General Discussion
In reply to the discussion: HRC would have been nominated without the superdelegates...that proves we don't NEED them. [View all]Ken Burch
(50,254 posts)What I'm saying is, as Democrats we should be the party that makes all progressive people welcome, that includes rather than excludes(while expecting everybody who is included to treat everybody else with respect).
It's in our interest as a party to make politics inviting and accessible...to be the place where people with progressive ideas, principles and passion are reached out to, whoever they are.
I know what it feels like to when the party doesn't do that...when it gives you the "shut up, know your place and do what you're told" treatment. It sounds like you've experienced that, too. You didn't deserve being treated like that. Neither does anybody else.

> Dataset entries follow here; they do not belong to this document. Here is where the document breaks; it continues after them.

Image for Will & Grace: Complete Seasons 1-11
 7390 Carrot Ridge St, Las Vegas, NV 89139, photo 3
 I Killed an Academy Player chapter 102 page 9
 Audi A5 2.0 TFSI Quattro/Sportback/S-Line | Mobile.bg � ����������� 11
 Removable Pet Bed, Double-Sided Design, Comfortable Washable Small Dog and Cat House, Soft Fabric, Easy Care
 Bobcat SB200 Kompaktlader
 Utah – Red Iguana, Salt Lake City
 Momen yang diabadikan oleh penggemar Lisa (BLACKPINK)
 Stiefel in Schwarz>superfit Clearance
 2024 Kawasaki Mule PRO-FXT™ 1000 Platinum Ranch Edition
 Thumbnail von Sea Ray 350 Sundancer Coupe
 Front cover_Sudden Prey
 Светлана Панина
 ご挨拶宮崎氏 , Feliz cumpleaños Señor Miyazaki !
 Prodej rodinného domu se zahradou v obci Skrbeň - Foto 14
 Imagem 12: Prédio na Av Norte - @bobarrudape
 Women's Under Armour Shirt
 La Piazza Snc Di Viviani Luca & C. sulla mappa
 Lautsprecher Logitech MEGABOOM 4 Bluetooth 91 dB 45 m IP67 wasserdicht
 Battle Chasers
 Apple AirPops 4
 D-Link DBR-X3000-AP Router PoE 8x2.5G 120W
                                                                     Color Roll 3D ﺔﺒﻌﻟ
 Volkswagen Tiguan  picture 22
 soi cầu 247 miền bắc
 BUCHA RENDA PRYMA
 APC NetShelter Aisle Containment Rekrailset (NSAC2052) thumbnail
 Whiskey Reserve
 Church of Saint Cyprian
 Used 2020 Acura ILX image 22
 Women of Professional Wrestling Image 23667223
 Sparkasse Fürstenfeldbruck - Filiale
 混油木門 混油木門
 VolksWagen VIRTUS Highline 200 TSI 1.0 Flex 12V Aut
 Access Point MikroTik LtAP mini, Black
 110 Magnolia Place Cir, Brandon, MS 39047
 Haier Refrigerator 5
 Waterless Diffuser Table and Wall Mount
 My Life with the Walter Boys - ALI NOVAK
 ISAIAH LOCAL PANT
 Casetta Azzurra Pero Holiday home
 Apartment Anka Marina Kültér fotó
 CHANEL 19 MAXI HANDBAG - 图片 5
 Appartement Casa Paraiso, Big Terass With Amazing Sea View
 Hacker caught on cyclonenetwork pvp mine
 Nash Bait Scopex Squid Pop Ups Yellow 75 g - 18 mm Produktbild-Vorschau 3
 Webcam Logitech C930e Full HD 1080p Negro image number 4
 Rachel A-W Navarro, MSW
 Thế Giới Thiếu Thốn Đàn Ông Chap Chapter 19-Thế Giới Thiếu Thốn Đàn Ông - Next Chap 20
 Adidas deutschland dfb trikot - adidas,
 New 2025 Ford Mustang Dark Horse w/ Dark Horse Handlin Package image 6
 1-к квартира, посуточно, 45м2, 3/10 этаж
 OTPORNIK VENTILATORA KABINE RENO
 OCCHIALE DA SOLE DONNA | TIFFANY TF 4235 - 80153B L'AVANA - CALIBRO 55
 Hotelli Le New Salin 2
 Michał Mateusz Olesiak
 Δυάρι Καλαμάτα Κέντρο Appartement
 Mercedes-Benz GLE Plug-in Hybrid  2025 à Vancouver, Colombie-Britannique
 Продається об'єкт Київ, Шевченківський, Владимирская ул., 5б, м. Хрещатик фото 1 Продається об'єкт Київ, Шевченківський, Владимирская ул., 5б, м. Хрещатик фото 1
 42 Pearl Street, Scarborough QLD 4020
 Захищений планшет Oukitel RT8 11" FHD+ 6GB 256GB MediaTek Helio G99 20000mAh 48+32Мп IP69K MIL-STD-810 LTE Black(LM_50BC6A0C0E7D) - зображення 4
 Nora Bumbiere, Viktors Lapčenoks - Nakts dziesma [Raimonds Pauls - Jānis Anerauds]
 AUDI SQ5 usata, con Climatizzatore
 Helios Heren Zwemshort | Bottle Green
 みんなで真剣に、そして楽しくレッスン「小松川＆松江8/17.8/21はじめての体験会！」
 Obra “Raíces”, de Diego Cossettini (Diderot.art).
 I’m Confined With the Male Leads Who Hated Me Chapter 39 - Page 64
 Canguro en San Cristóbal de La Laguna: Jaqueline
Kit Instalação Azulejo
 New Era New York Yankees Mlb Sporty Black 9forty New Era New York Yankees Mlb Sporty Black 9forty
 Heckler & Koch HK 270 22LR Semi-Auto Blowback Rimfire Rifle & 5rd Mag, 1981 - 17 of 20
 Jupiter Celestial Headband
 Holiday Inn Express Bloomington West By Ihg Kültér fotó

And the thing is it, it doesn't help the party to treat anybody like that.
It simply drives people away, sometimes driving them away from political involvement altogether.
Obama won because he sounded like he would challenge that idea of what our party's inner political culture should be-that it would be a party run from below as much from above. While the Obama Administration did some good things, the Obama era never allowed there to be that kind of transformation within the party. Now, we need to actually become the party we were supposed to become then.
Why not do that? Why not make this a party where all the voices from below...POC, LGBTQ people, women, progressive activists of all sorts, peace activists, rank-and-file labor and those who organize against austerity and neoliberalism are working together to shape what we're about, with candidates emerging from that kind of politics?
Compared to 2016, where we essentially lost everything on every level, what could possibly be worse in trying that?